I read the quotation below from Thomas Merton a few years ago. It comes from a letter he wrote in 1959 to an emerging Latin American leader. He had been in the monastery at Gethsemani then for nearly twenty years. As you read his perspective on the monastic environment in which he had lived nearly two decades of life, think about the church, ministry and mission setting in which you have lived yours. Where are there echoes? Where are there differences?

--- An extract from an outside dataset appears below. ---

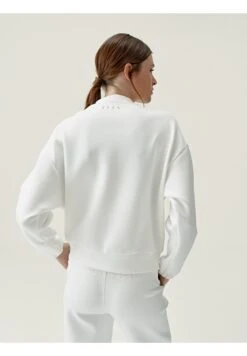 Born Living Yoga Sudadera Con Cremallera - Blanco -ZALANDO Ventas 9051bb529a2b4bbc81a8f73a62b1e26a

“the peculiar circumstances of this monastery prevent real spiritual growth. Underneath the superficial and somewhat good humor, with its façade of juvenile [casualness], lie the deep fear and anxiety that come from a lack of real interior life. We have the words, the slogans, and the notions. We cultivate the pageantry of the monastic life. We go in for singing, ritual, and all the external. And ceremonies are very useful in dazzling the newcomer, and keeping him happy for a while. But there seems to be a growing realization that for a great many in the community this is all a surface of piety which overlies a fake mysticism and a complete [emptiness] of soul. Hence the growing restlessness, the rebellions, the strange departures of priests, the hopelessness which only the very stubborn can resist, with the aid of their self-fabricated methods of reassurance.” (Thomas Merton. The Courage for Truth. New York: Farrar, Straus & Giroux, 1993, p. 112)
What is it in particular that Merton suggests is preventing spiritual growth in his monastery? It seems to be a failure to attend to the deep resistances of fear and anxiety underneath the outward appearance of spiritual vitality. There is a difference between emotional excitement and spiritual life. Exciting music and energized preaching may or may not touch these deeper places that keep us from really engaging God.
What do you think?
Buy a copy of Courage For Truth: The Letters Of Thomas Merton To Writers on Amazon.com





oh yeah….the flesh always tries to find a way to grow itself.
Alan, this is a great reminder to all of us when we sense the church, ministry and mission settings become the very hindrance to our interior filling and growth. I have sensed this in ministry and at church but I couldn’t really put my finger on it. The very things we consider to be good, wholesome and spiritually inviting can become the very things that prevent spiritual growth. When this happens, what practical things should we do? And what ways can we articulate this message to people in the church?
Thanks, Virgil, for your helpful response. I’m posting a couple more Merton quotations in the next few days that add to this conversation. I hope they help…
I thiiiiink….yes! I wonder how often our desire to grow and do the spiritual formation thing actually replaces the work of Christ for us and in us. How naturally we adopt the habit of self dependence as opposed to Christ dependence, and how subtle is the shift! Doesn’t this shift always lead to either pride or emptiness/hopelessness?